To do:
Output the whole listing exactly, except for the pictures in it.
* * * * * * *
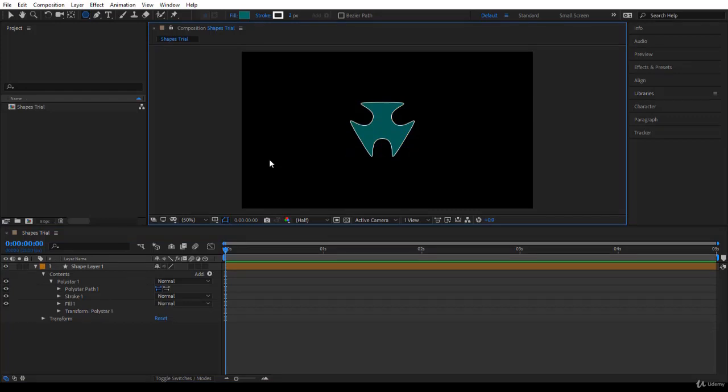So this has been an overview of how to create shape layers and how to create shapes inside shape layers. Just be attentive and things will be okay.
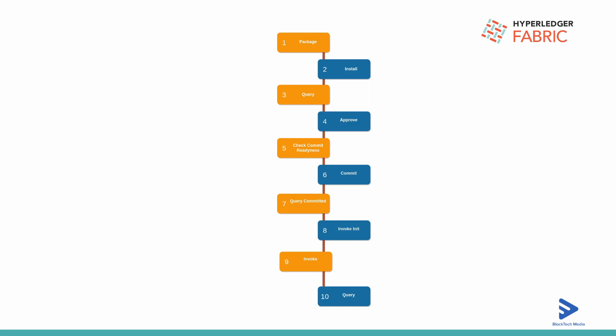The eighth step is, once the chain code is committed, we can invoke the initialize function from the chain code. Once initialize invocation takes place, it means we have instantiated the chain code.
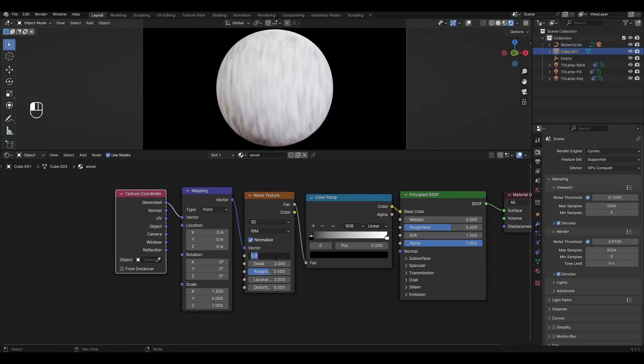In Noise Texture change Scale to 2, Detail to 8, Roughness to 1 and change Distortion to 1.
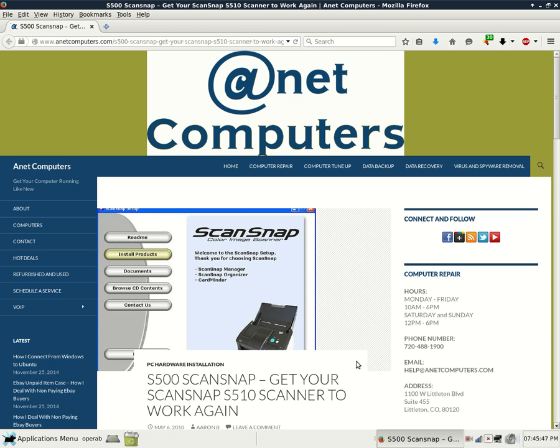Hello, this is Aaron with anutcomputers.com with another video for you. Today I filed this one under PC Hardware Installation S500 ScanSnap. Get your ScanSnap S510 scanner to work again.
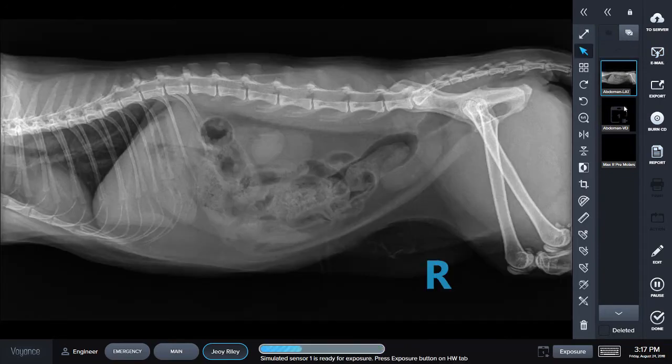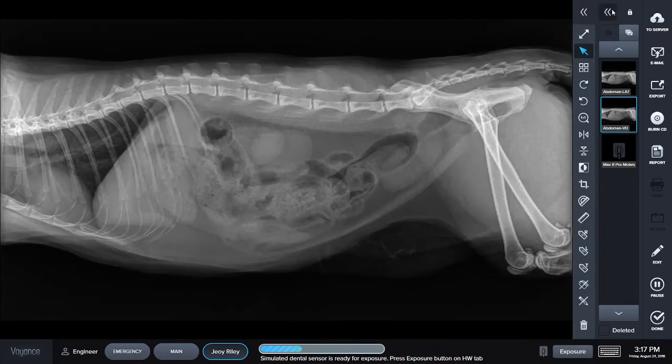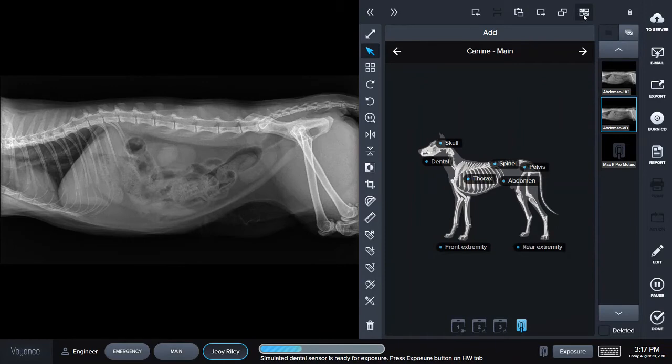Once I'm done taking my images, I have many options. I can email them, export them, burn them onto a CD, or save them in a report. I can do this with one image or I can select multiple images. To select multiple images, select this multi-selection mode here at the top and select whichever images you'd like.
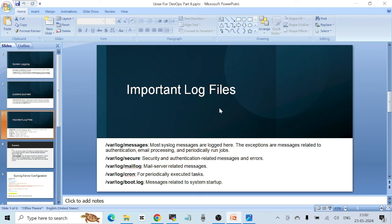Next is /var/log/maillog — for anything related to mails. If you have configured your server with services like Postfix or an SMTP relay, all those logs are stored in /var/log/maillog by default. For periodically executed tasks or cron jobs, there is /var/log/cron. And /var/log/boot.log stores messages related to system startup — all the events that happen as part of your boot process are recorded in this file.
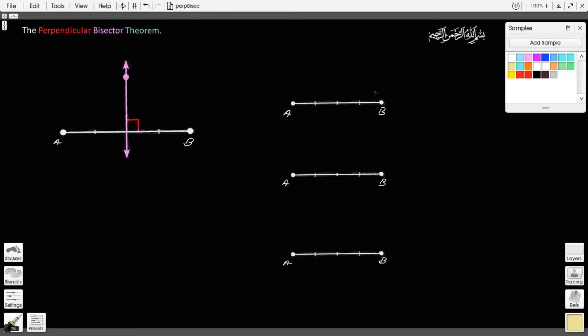Bismillahirrahmanirrahim. Today, inshallah, we'll talk about the perpendicular bisector theorem. It's a very important theorem. But before we talk about the theorem itself, we have to understand what we mean by a perpendicular bisector.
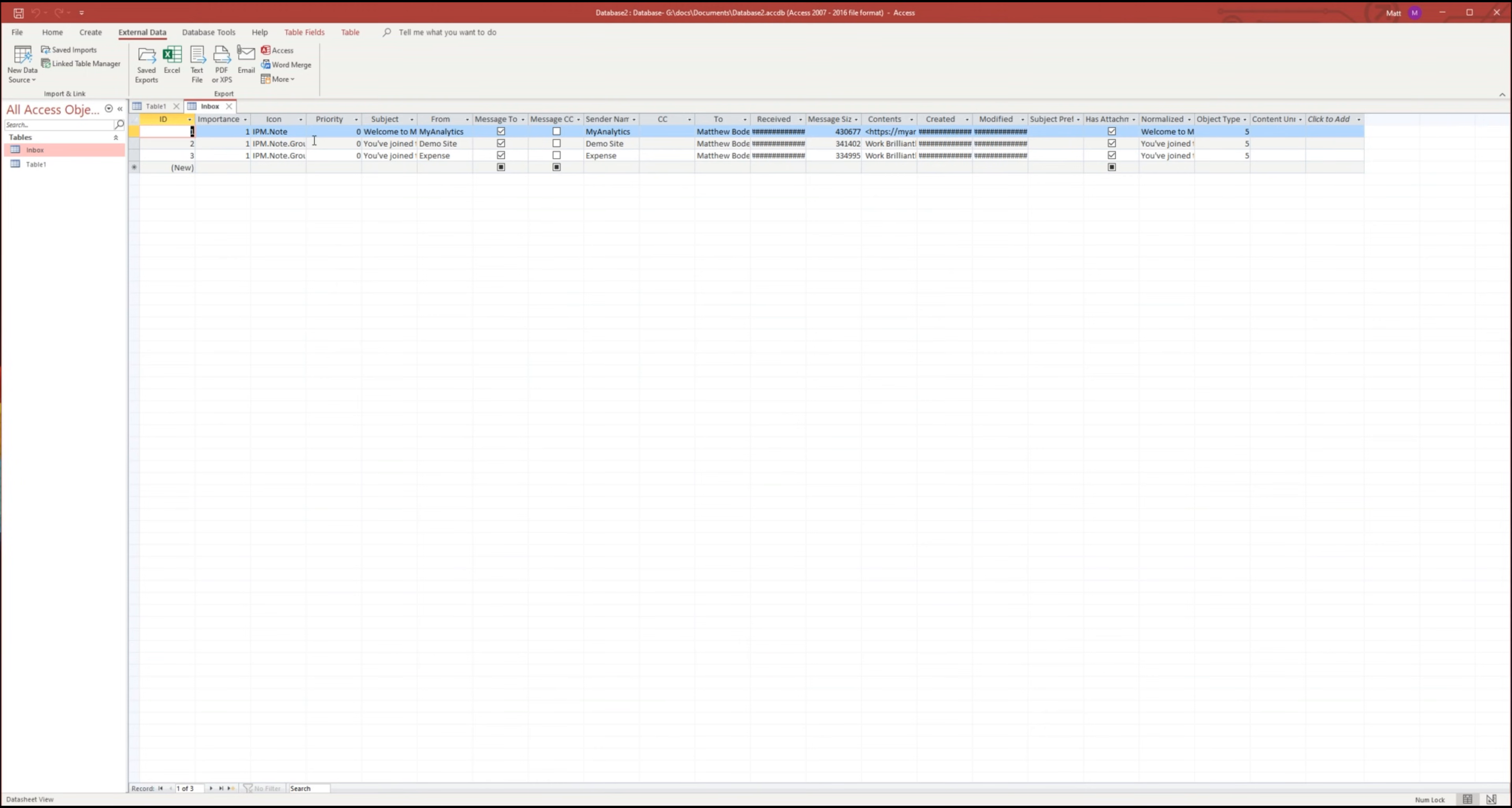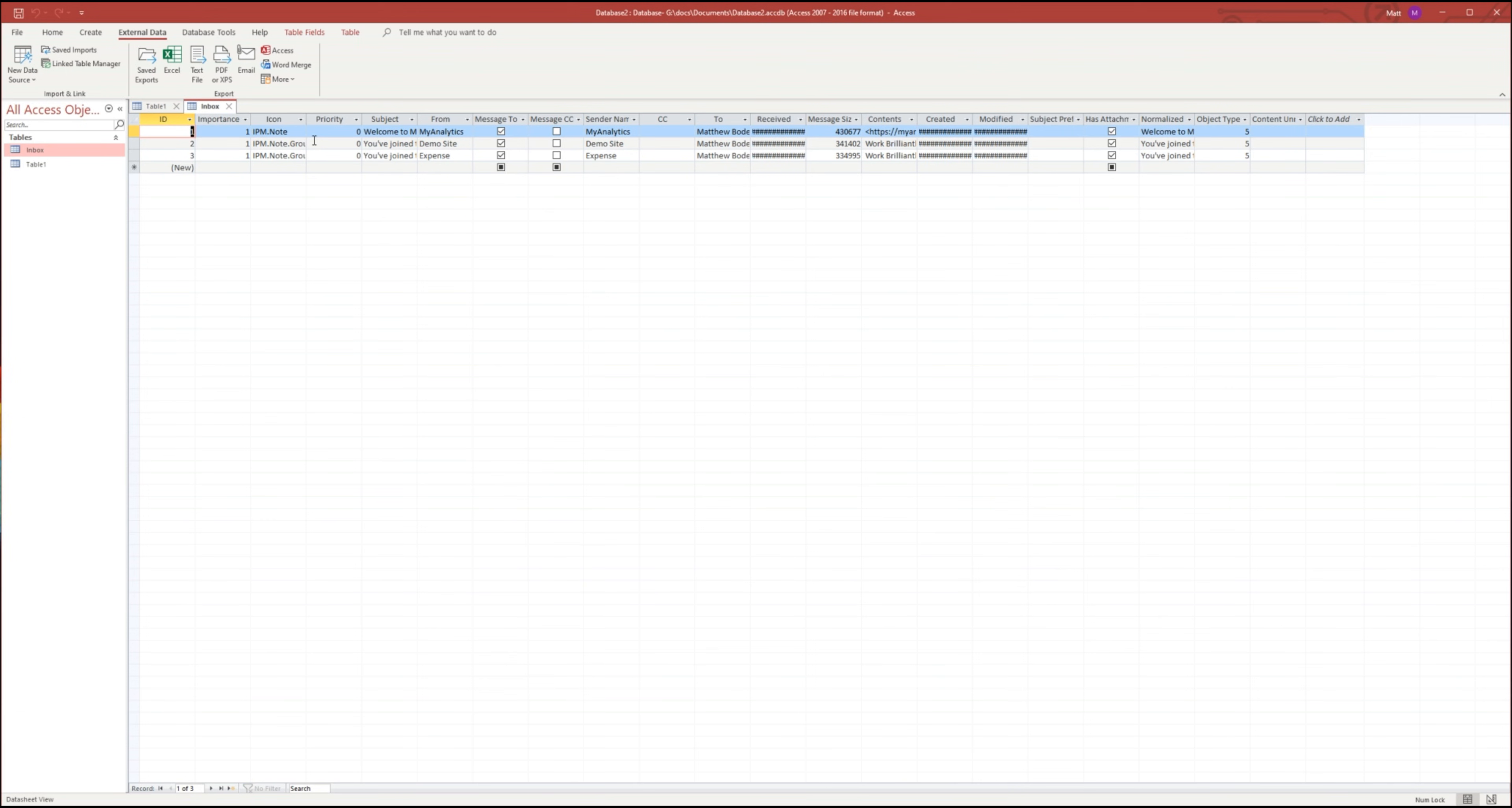Now you have a data source with all the emails and you can export this into Excel and use it to report on email statistics. This is very handy when you've got a group mailbox and you want to see how many emails are coming in or out.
* * * * * * *
Result of this exercise:
So this has been an overview of how to create shape layers and how to create shapes inside shape layers. Just be attentive and things will be okay.
The eighth step is, once the chain code is committed, we can invoke the initialize function from the chain code. Once initialize invocation takes place, it means we have instantiated the chain code.
In Noise Texture change Scale to 2, Detail to 8, Roughness to 1 and change Distortion to 1.
Hello, this is Aaron with anutcomputers.com with another video for you. Today I filed this one under PC Hardware Installation S500 ScanSnap. Get your ScanSnap S510 scanner to work again.
Once I'm done taking my images, I have many options. I can email them, export them, burn them onto a CD, or save them in a report. I can do this with one image or I can select multiple images. To select multiple images, select this multi-selection mode here at the top and select whichever images you'd like.
Next is /var/log/maillog — for anything related to mails. If you have configured your server with services like Postfix or an SMTP relay, all those logs are stored in /var/log/maillog by default. For periodically executed tasks or cron jobs, there is /var/log/cron. And /var/log/boot.log stores messages related to system startup — all the events that happen as part of your boot process are recorded in this file.
Bismillahirrahmanirrahim. Today, inshallah, we'll talk about the perpendicular bisector theorem. It's a very important theorem. But before we talk about the theorem itself, we have to understand what we mean by a perpendicular bisector.
Now you have a data source with all the emails and you can export this into Excel and use it to report on email statistics. This is very handy when you've got a group mailbox and you want to see how many emails are coming in or out.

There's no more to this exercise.